So... this is a rather specific question that I am unsure if others here can answer or not...
This question concerns MSDOS realmode memory management, which is a voodoo topic by today's standards.
I have this really old Fujitsu Lifebook E2010 that I got for free some years ago.
It is a PIII class machine, with 1GB of ram and a 300ish GB HDD in it. It has ATI integrated AGP video, and an ESS Audiodrive based sound chip.
I THOUGHT this would make a decent DOS retrogaming system (Dosbox just doesn't cut it for some titles). But there's some issues.
1) Whoever designed this thing mixed an ALI/ULI northbridge with an ATI southbridge. As such, UMBPCI does not know what to do with it (and performance in XP is... bad.)
2) It has an Option Rom at CC00-CFFF that is a PXE bios, that is totally unnecessary.
3) The PCI chipset wants to hang on to the region between D000-DFFF, for nebulously defined reasons. There is nothing in the adapter space there. I checked.
4) The VGA bios is enormous. It occupies C000-CC00
5) The system bios is also enormous. It occupies E000-EFFF.
So, the memory map looks a bit like this. (VV= Video Bios, OO=Option Rom, BB=System Bios XX=theoretically free area held tightly by PCI chipset RR=Video RAM)
(B000)RRRRRRRRRRRRRRRR(BFFF)
(C000)VVVVVVVVVVVVVVOO(CFFF)
(D000)XXXXXXXXXXXXXXXX(DFFF)
(E000)BBBBBBBBBBBBBBBB(EFFF)
If I include the "monochrome mode video ram area" (B7FF-BFFF), the PXE option ROM area (to forcibly unmap it, since it DOES NOTHING USEFUL!), Use the EMM386 Highscan option and forcibly remap the D000-DFFF area to make the PCI set let it go, I can get something like this (where UU=UMB, PP=Page frame, VV=Video bios, BB=System bios, and RR=video RAM)

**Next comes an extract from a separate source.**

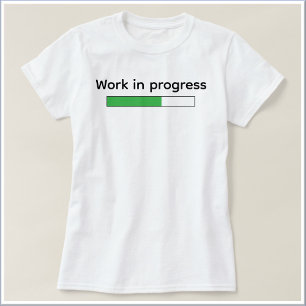 Camiseta Cute Engraçado Trabalho Em Andamento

At this moment, this is the absolute "BEST" I can squeeze out, and is so far the only way I could fit an EMS page frame in.

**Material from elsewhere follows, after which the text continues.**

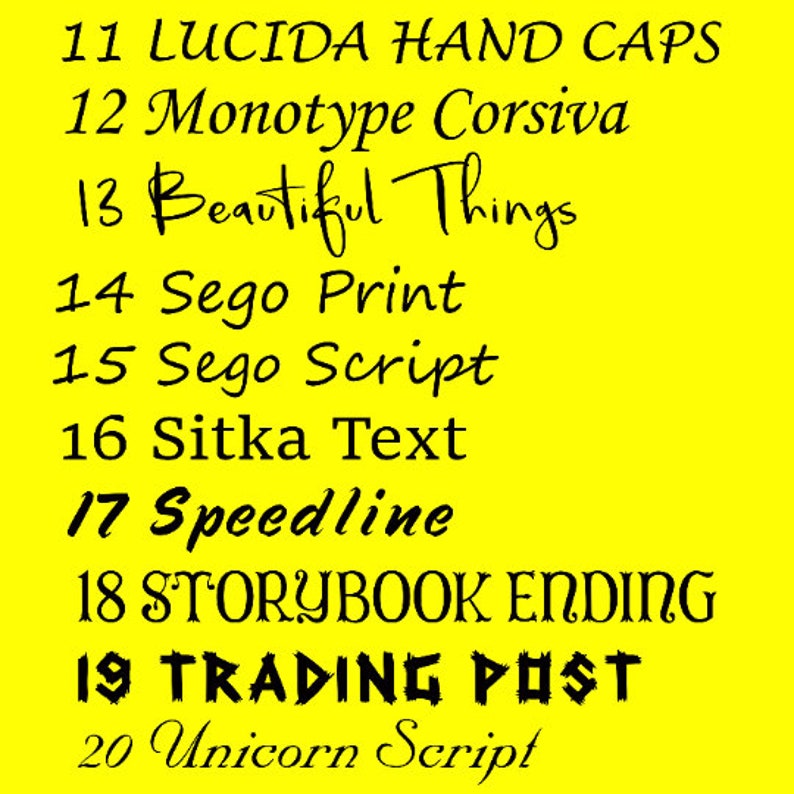 May include: A yellow background with black text listing 10 different fonts. The fonts are numbered 11 through 20. The fonts include Lucida Hand Caps, Monotype Corsiva, Beautiful Things, Sego Print, Sego Script, Sitka Text, Speedline, Storybook Ending, Trading Post, and Unicorn Script.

(B000)RRRRRRRRRRRRUUUU(BFFF)
(C000)VVVVVVVVVVVVVVUU(CFFF)
(D000)PPPPPPPPPPPPPPPP(DFFF)
(E000)UUBBBBBBBBBBBBBB(EFFF)
The UMB created in the monochrome video RAM area is barely big enough to hold MSCDEX, and too small to hold OAKCDROM.SYS.
EMM386.exe is required, as the MMU has to get involved to forcibly remap the forced include areas, otherwise a pageframe cannot be created, and the option ROM cannot be disabled. It eats a shitton of conventional memory (3kb. Yes, that really is a lot when you only have 640k total.)
The OAKCDROM.SYS is a hog as well, scarfing down 25k!!
There is ~9kb of free UMB, split between 2 ~4k areas (where the option rom was disabled, and at the top of the BIOS area, freed by the highscan option.)
If I switch to JEMM386.EXE from the freedos project, I should be able to claw a bit of conventional memory back (it's smaller than EMM386), switch to SHUSCDX.EXE instead of MSCDEX I should claw back some of the UMBs created in the monochrome RAM area, and if I switch to Acer's Atapi driver, I might be able to get that to fit in the remaining contiguous UMB along with SHUSCDX.
But now the question--
Does JEMM386 support forcible remapping like EMM386 does? Without the forced remapping, I can't get the PCI set to let go of the D000-DFFF needed to place the EMS page frame.